About 12,000 miles above us, each satellite orbits Earth twice daily. Their paths are organized so that at any time, at any location on Earth, at least four satellites are visible to GPS-enabled devices.
A GPS receiver – such as your car’s navigation system or smartphone – locates the satellites and calculates your distance from each one. To hone in on your exact location, a GPS receiver needs to be able to locate at least three satellites in the sky and calculate your exact distance from each satellite.
The way the whole system works is fairly complex, but if you distill it down to the basics, your GPS receiver and the satellites both generate an identical random code at the exact same time. When the satellites’ code reaches your receiver, it will lag behind the receiver’s code because it had to travel from space.

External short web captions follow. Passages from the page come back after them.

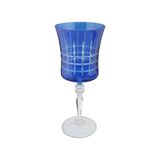 Taça Para Água Lapidada Em Cristal Ecológico Bohemia Grace 300ml Azul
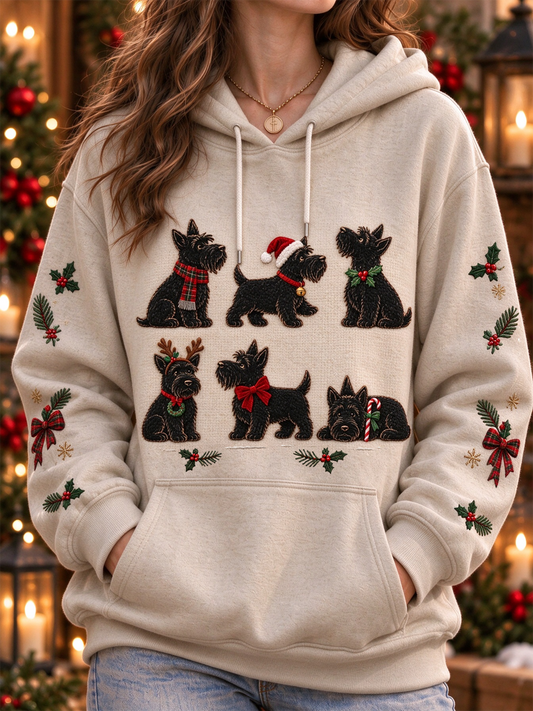 Women's Scottish Christmas Scottish Terrier printed hoodie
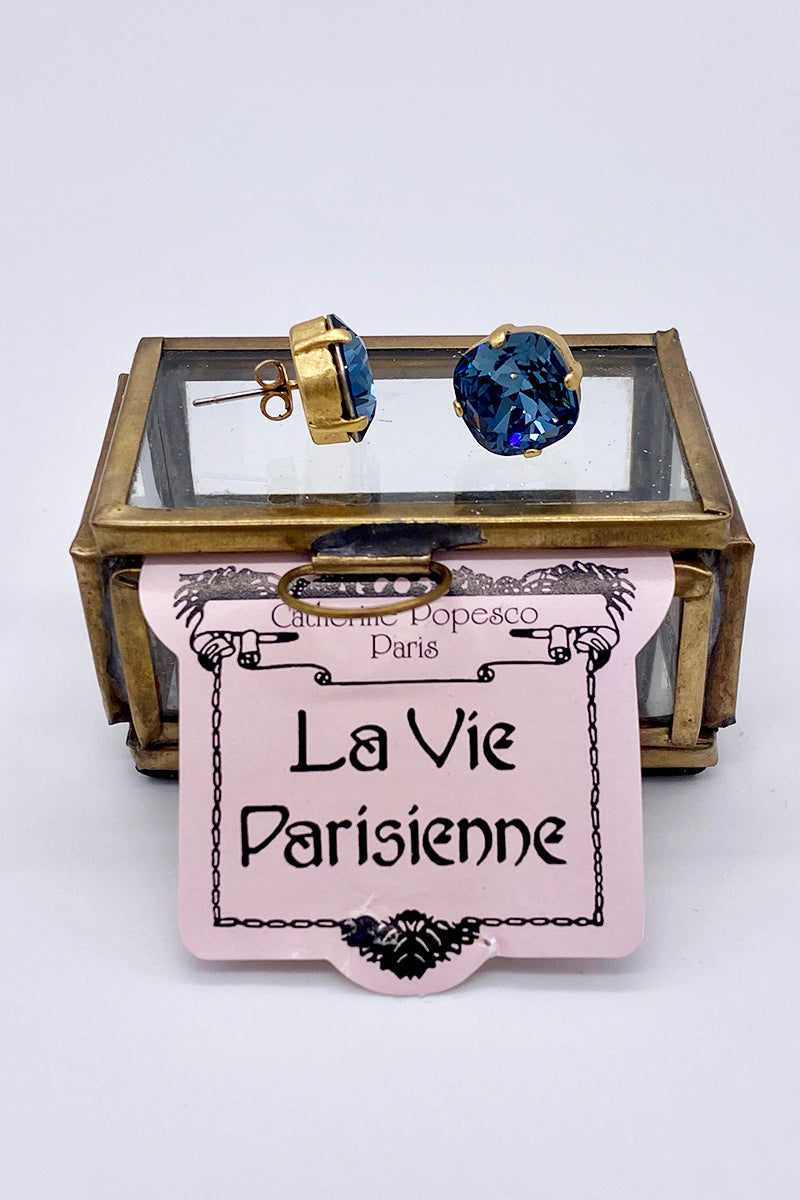 La Vie Parisienne - Sapphire Swarovski Crystal Stud Earrings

Your GPS receiver uses that delay to figure out how far away it is from the satellite.
While your navigation system can judge its distance from the satellites using radio waves, it still needs to know their exact location in the sky in order to effectively locate you and provide directions. Since each satellite orbits the Earth twice daily in a predetermined pattern, GPS receivers simply store an almanac that tells them where each satellite is positioned at any given time.
While gravitational pull from the sun and moon can vary the satellites’ orbits slightly, the Department of Defense tracks these changes and transmits any adjustments through the radio waves generated by the satellites. When the waves hit your GPS receiver, the data is updated to keep your location accurate.
Since each satellite orbits the Earth twice daily in a predetermined pattern, GPS receivers simply store an almanac that tells them where each satellite is positioned at any given time.
At this point, your GPS receiver knows your position on the globe, and displays it on maps that are stored in its memory. In addition to showing your location on a map, most GPS receivers can also provide additional information because they maintain communication with the satellites overhead. Typically, this can include the distance your vehicle has traveled, your current speed and your estimated time of arrival at the destination you’ve entered.
A tremendous amount of thought went into our Global Positioning System which helps countless motorists who are off to new, unknown destinations.